----- Data extracts
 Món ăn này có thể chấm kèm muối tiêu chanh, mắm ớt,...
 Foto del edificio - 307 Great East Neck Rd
----------
----- Data extracts
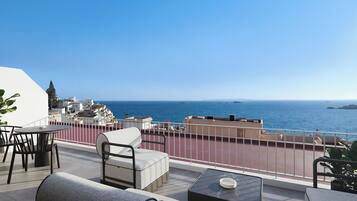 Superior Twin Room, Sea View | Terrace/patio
----------
What is needed:
Extract from the records above the lines from the one containing "Món ăn này có" to the one containing "Foto del edificio - 307 Great East Neck Rd", both lines included, exactly as they appear and with nothing else.

Reply:
 Món ăn này có thể chấm kèm muối tiêu chanh, mắm ớt,...
 Foto del edificio - 307 Great East Neck Rd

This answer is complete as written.